*** Data ***

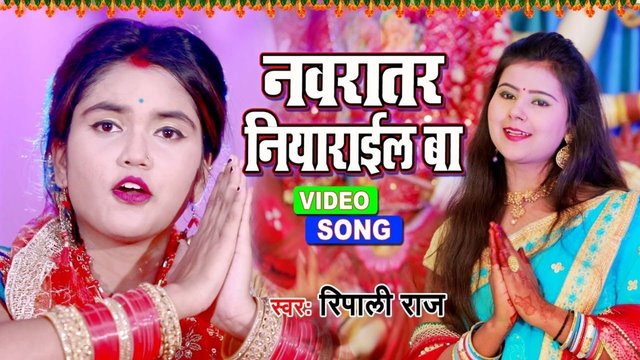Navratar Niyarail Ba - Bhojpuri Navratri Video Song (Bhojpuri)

*** End of Data ***
*** Data ***

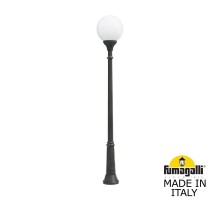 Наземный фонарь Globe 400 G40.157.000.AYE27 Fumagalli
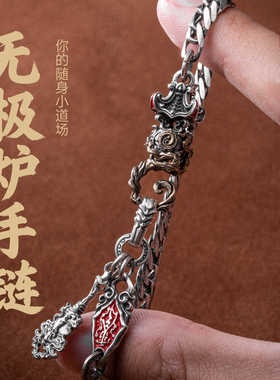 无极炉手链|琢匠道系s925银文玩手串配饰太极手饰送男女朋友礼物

*** End of Data ***

→ **Problem to work on**
An exact transcription is needed of the lines from the one with "Наземный фонарь Globe" to the one with "无极炉手链|琢匠道系s925银文玩手串配饰太极手饰送男女朋友礼物" above, both ends included, with pictures left out.

→ **Result of the task**
 Наземный фонарь Globe 400 G40.157.000.AYE27 Fumagalli
 无极炉手链|琢匠道系s925银文玩手串配饰太极手饰送男女朋友礼物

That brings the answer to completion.